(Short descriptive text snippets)
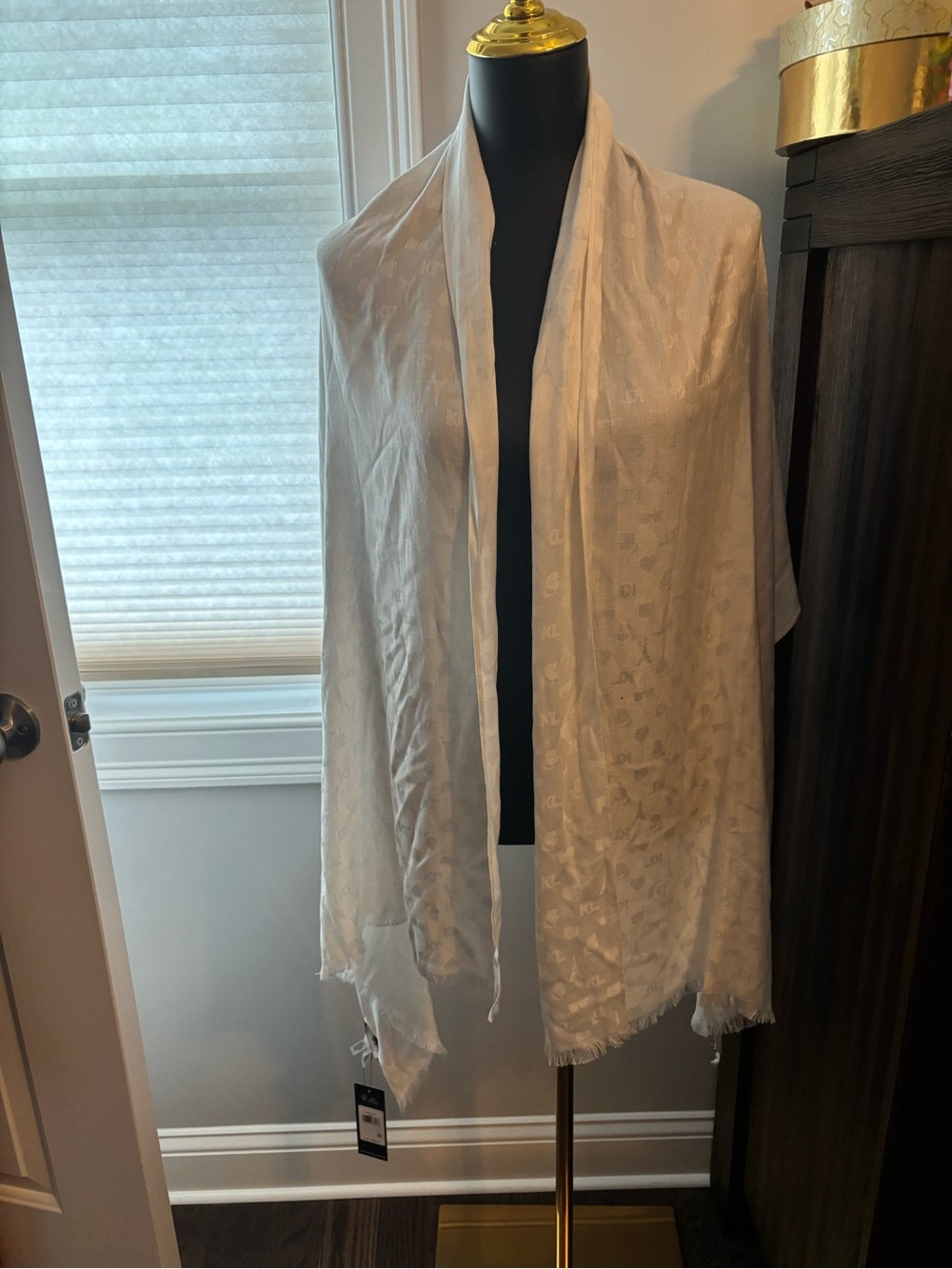 Karl Lagerfeld Cream Silk Logo-Detail Wrap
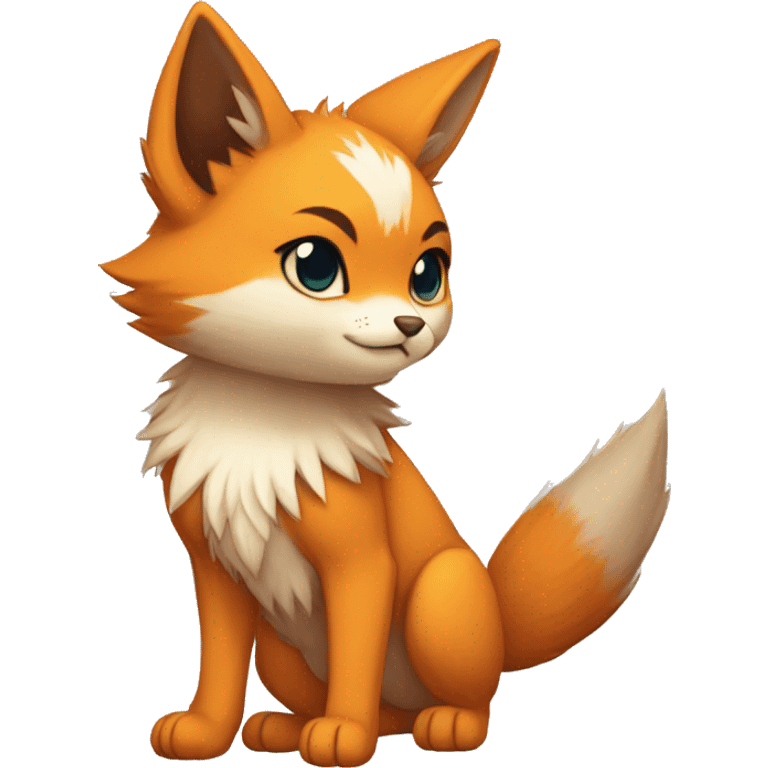 a anthro chibi-style cat-fox-Fakémon-hybrid full body emoji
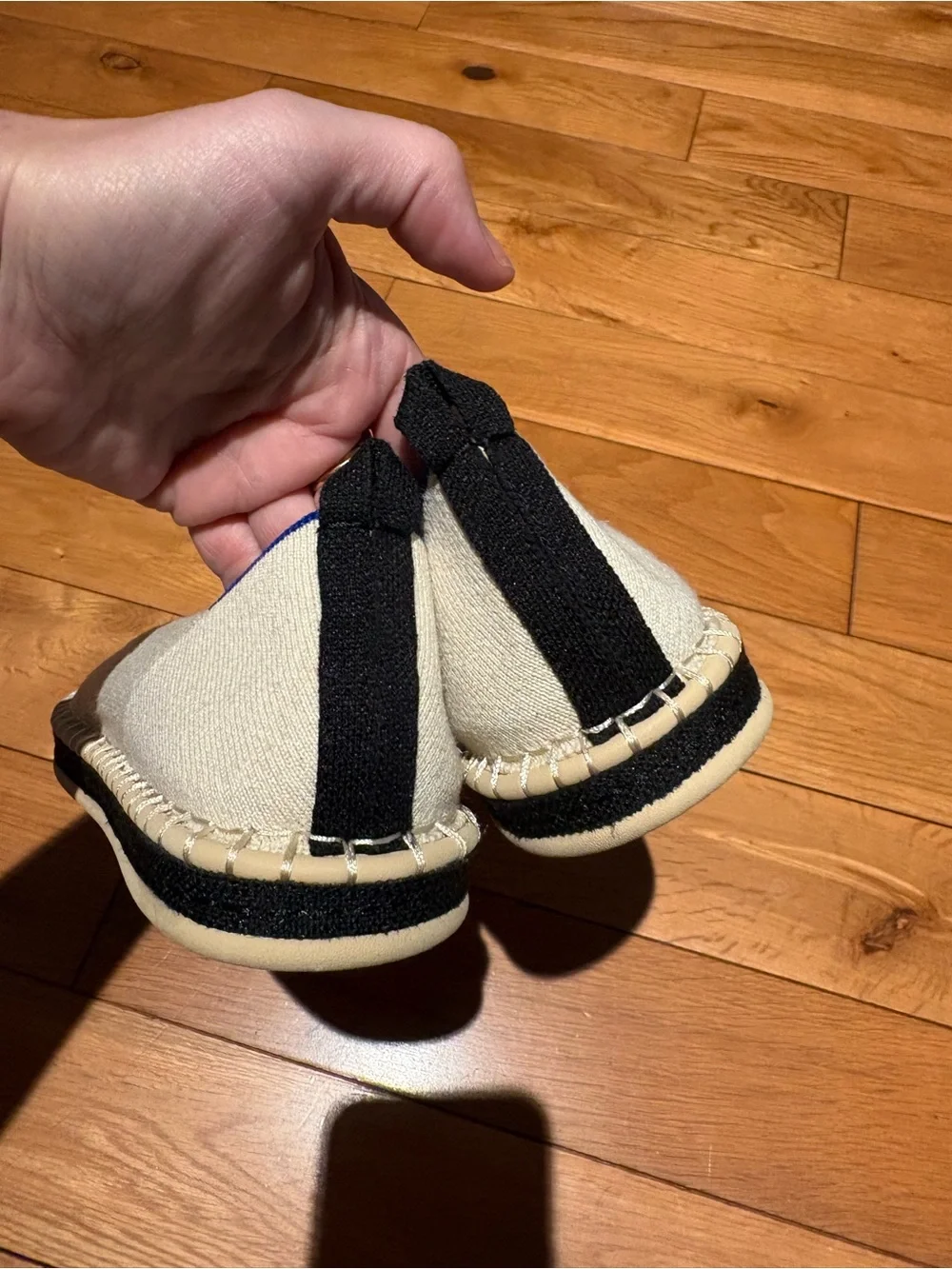 Rothy's The Espadrille Boardwalk flats cream colored black toe sz 10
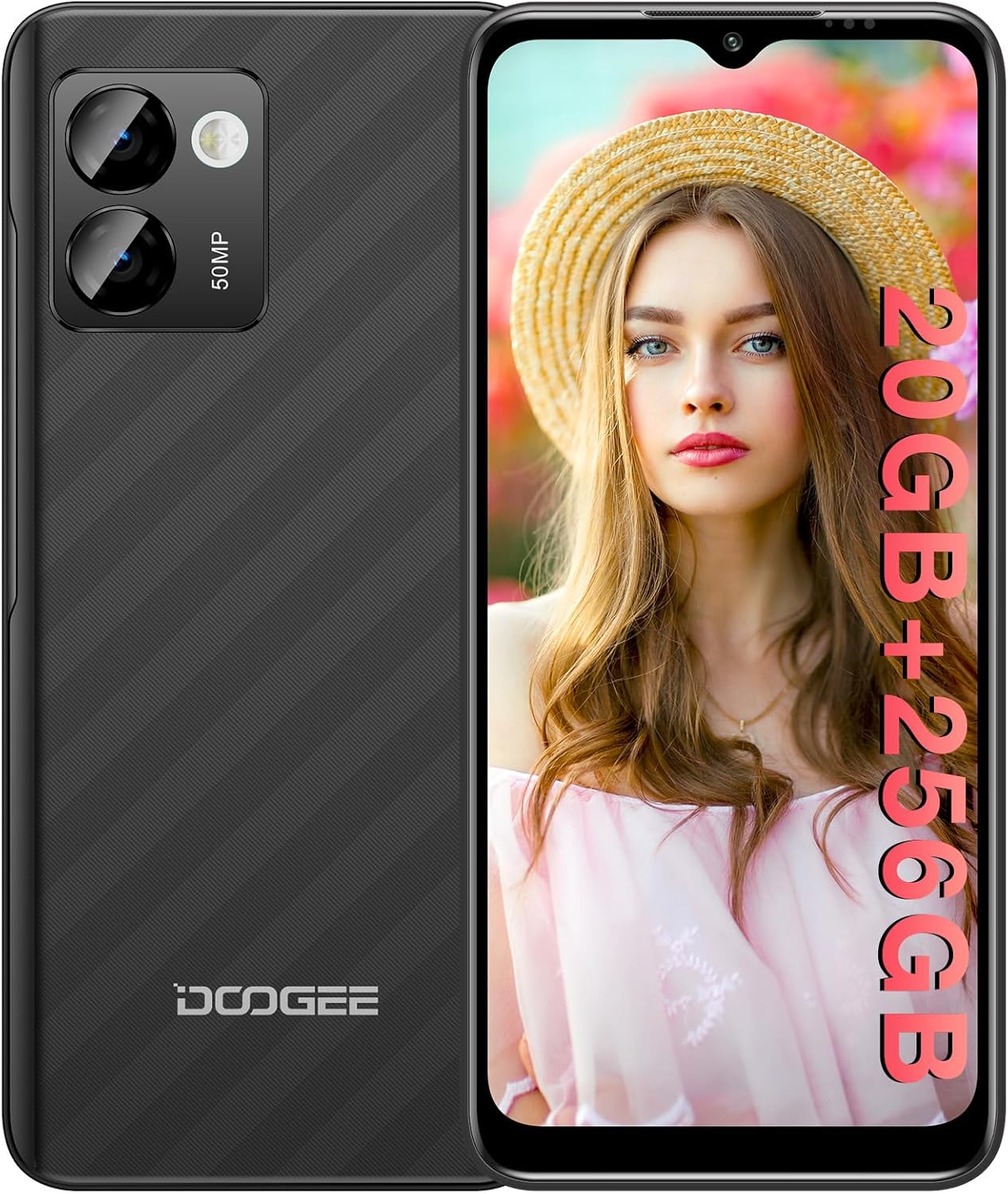 DOOGEE N50 Pro Android Phone, 20GB RAM+256GB ROM Android Cell Phone, Android 13, 50MP AI Camera, 6.52 inch HD+, 4G OTG/GPS/Face ID Fingerprint (Black)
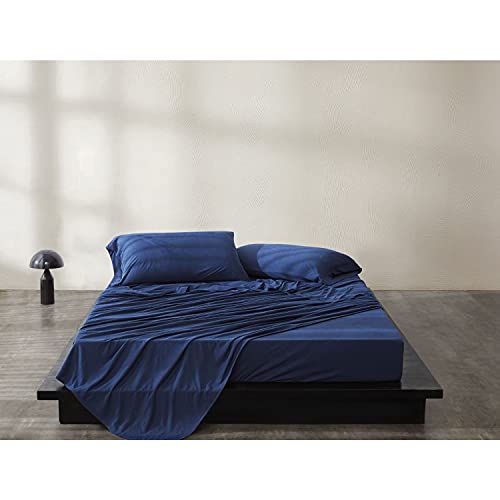 Calvin Klein Home Modern Cotton Harrison 1 Piece Flat Sheet, King Size, Cotton (Midnight)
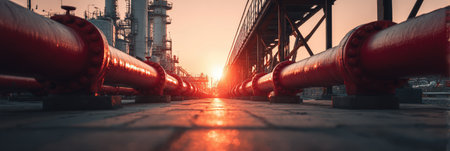 Red industrial pipes stretch towards the horizon at sunset, with silhouettes of machinery and structures creating a striking visual contrast in this industrial sceneの素材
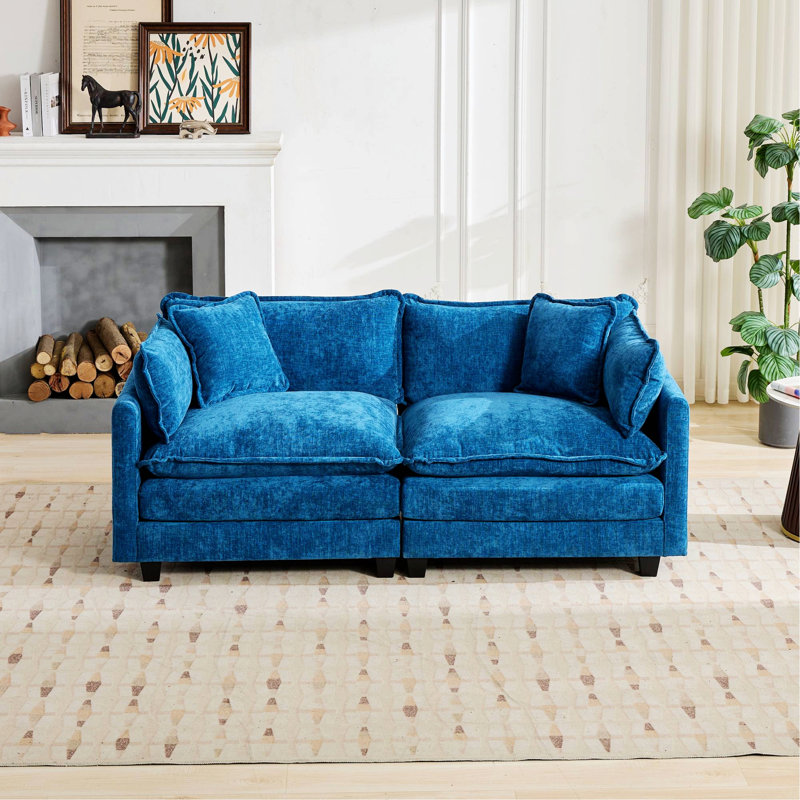 Canapé rembourré, causeuse avec coussins pour salon, chambre à coucher et appartement, Bleu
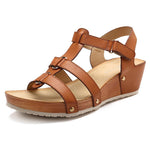 Women's Comfortable Metal Rivet Threaded Hook Wedge Sandals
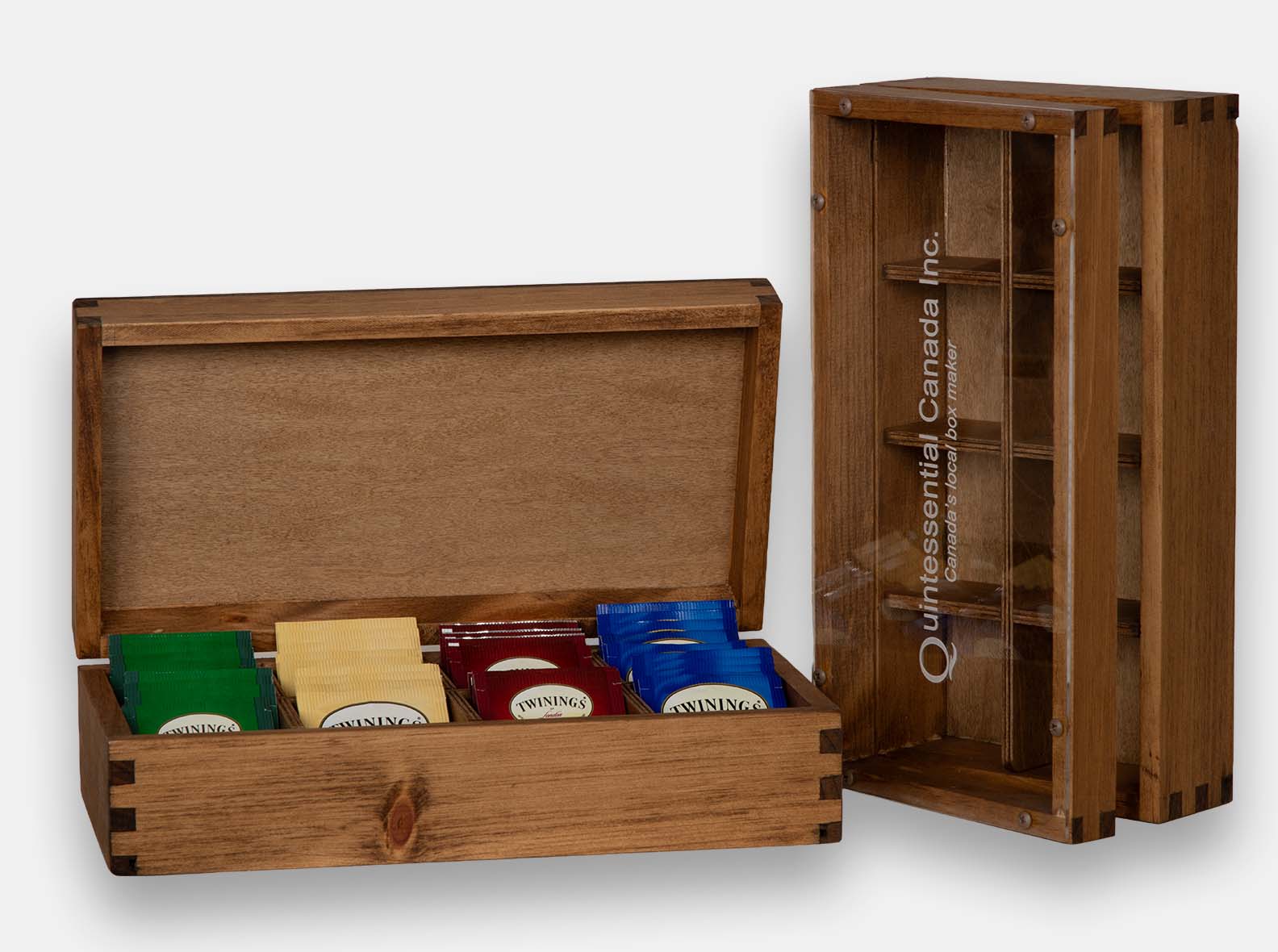Hinged wooden tea boxes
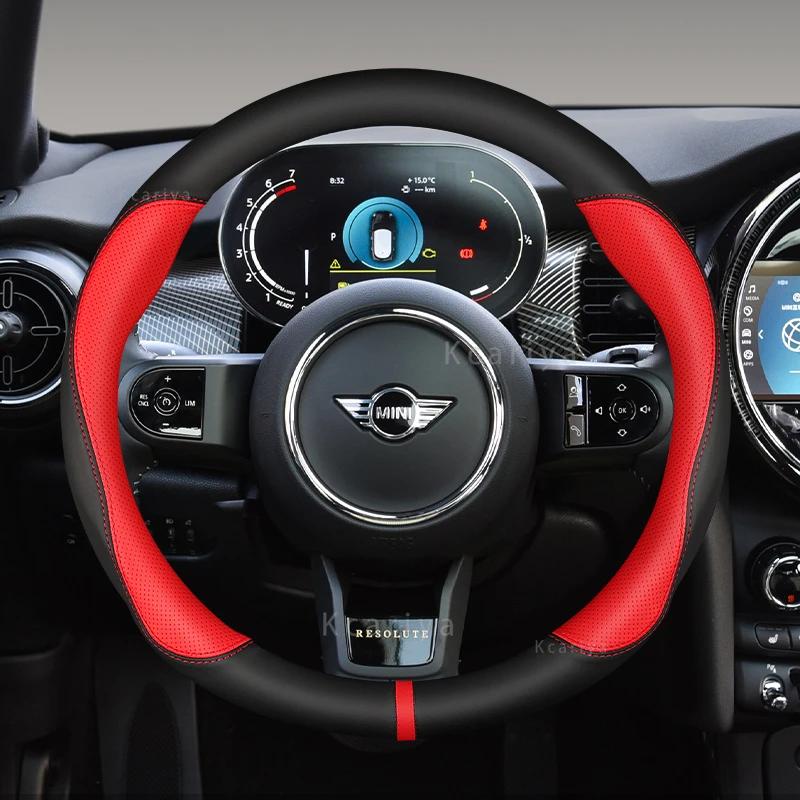 Car Steering Wheel Cover 38cm 15" Leather For MINI COOPER S JCW ONE F54 F55 F56 F60 R60 R61 Auto Accessories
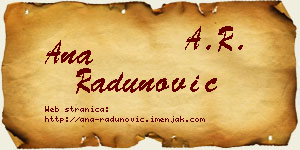Ana Radunović vizit kartica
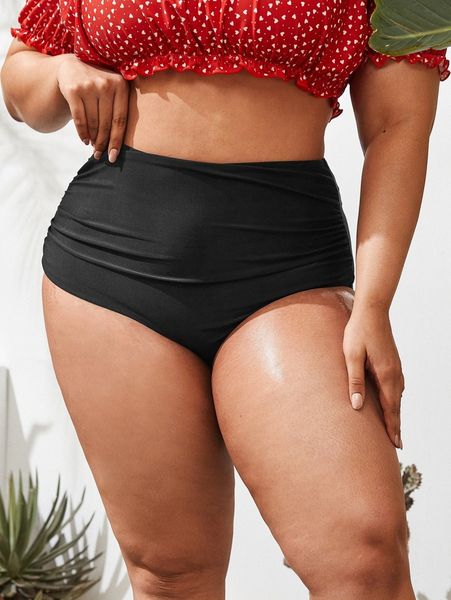 

plus ruched bikini panty x1tt#, Black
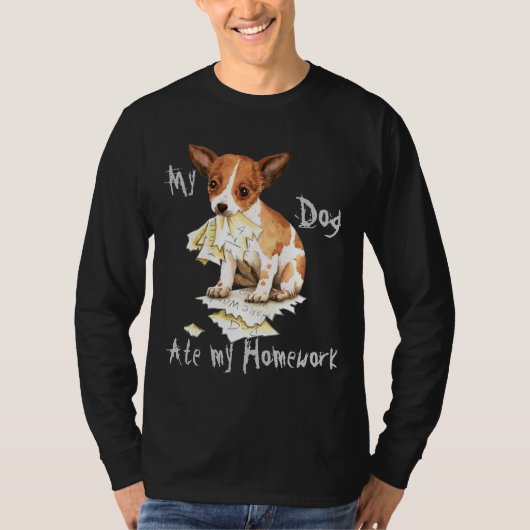 私のチワワ食べ宿題 Tシャツ (正面)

• Action item: To complete this exercise, transcribe exactly the lines above from the one that holds "a anthro chibi-style" through the one that holds "DOOGEE N50 Pro". Pictures stay out.

• Written answer:
 a anthro chibi-style cat-fox-Fakémon-hybrid full body emoji
 Rothy's The Espadrille Boardwalk flats cream colored black toe sz 10
 DOOGEE N50 Pro Android Phone, 20GB RAM+256GB ROM Android Cell Phone, Android 13, 50MP AI Camera, 6.52 inch HD+, 4G OTG/GPS/Face ID Fingerprint (Black)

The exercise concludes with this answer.